Stored items
+++

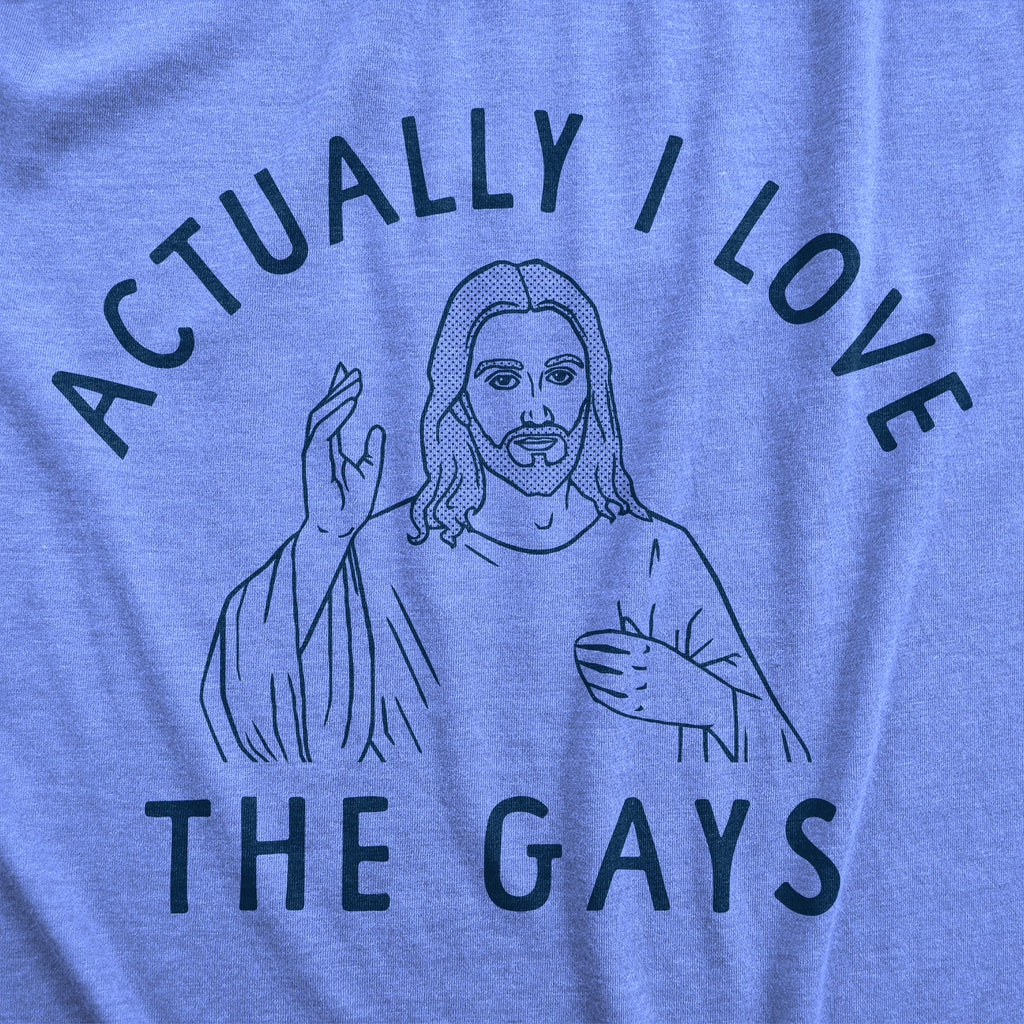 Actually I Love The Gays Men's T Shirt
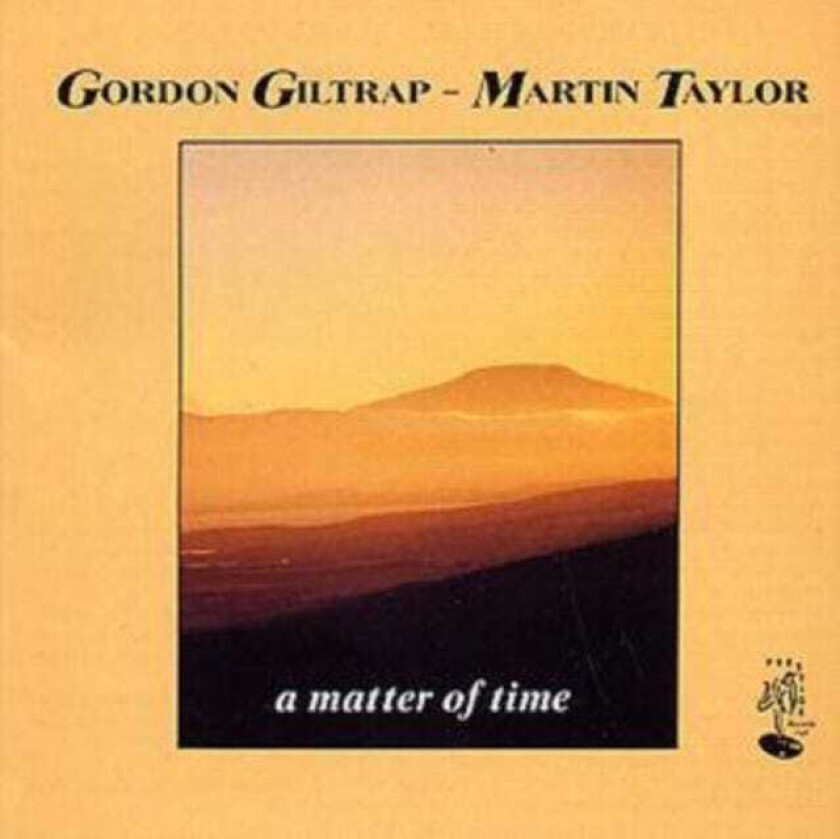 Gordon Giltrap & Martin Taylor : A Matter of Time CD (2004)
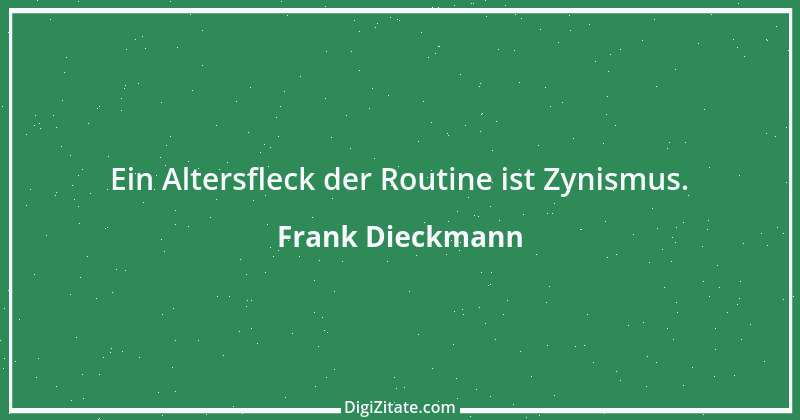 Zitat von Frank Dieckmann 5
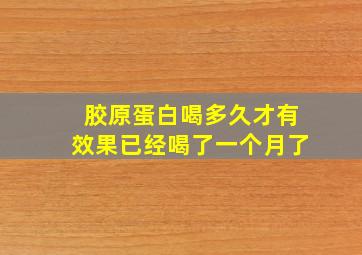 胶原蛋白喝多久才有效果已经喝了一个月了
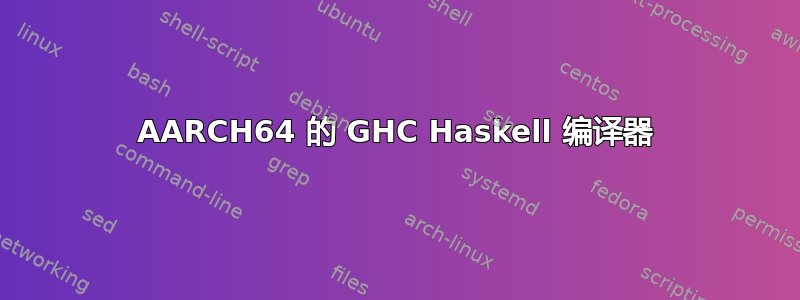 AARCH64 的 GHC Haskell 编译器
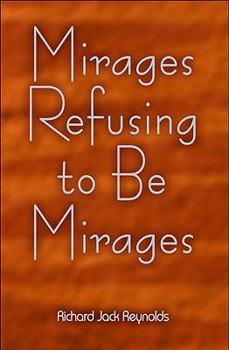 Paperback Mirages Refusing to Be Mirages Book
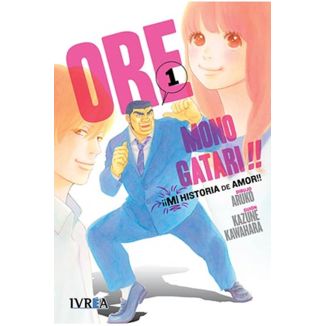 Ore monogatariI!! Mi historia de amor #01 Manga Oficial Ivrea
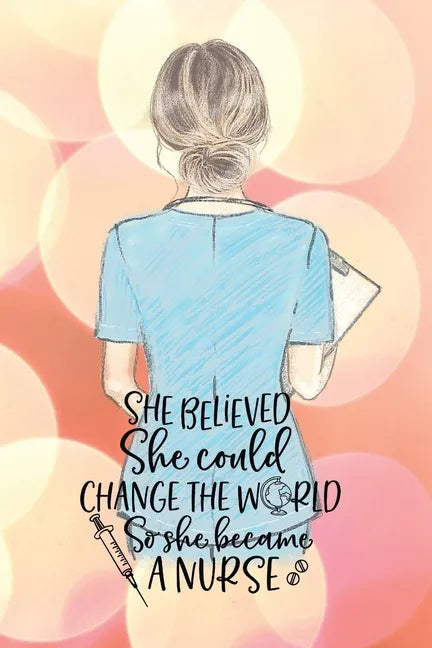 She believed she could change the world so she became a nurse notebook. Gift idea for thankyou and Christmas.: Perfect gift for a graduation nurse or - Paperback
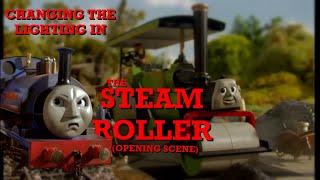 Changing the lighting in the opening scene of Steam Roller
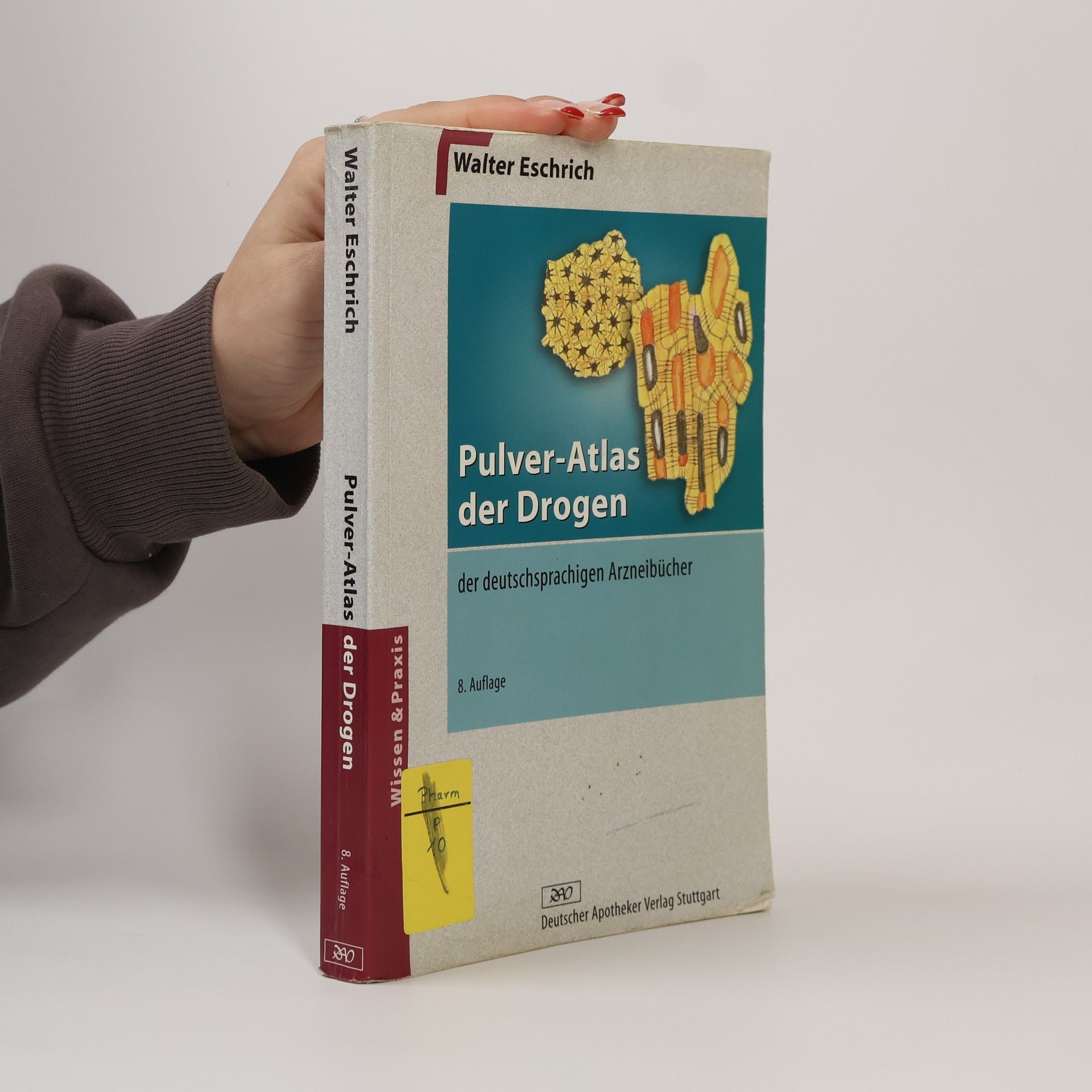 Walter Eschrich Pulver-Atlas der Drogen der deutschsprachigen Arzneibücher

+++

Exercise brief
The answer must be an exact copy of the lines from the one with "Ore monogatariI!! Mi" through the final line above, both ends included, and nothing else; pictures stay out.

Answer space
 Ore monogatariI!! Mi historia de amor #01 Manga Oficial Ivrea
 She believed she could change the world so she became a nurse notebook. Gift idea for thankyou and Christmas.: Perfect gift for a graduation nurse or - Paperback
 Changing the lighting in the opening scene of Steam Roller
 Walter Eschrich Pulver-Atlas der Drogen der deutschsprachigen Arzneibücher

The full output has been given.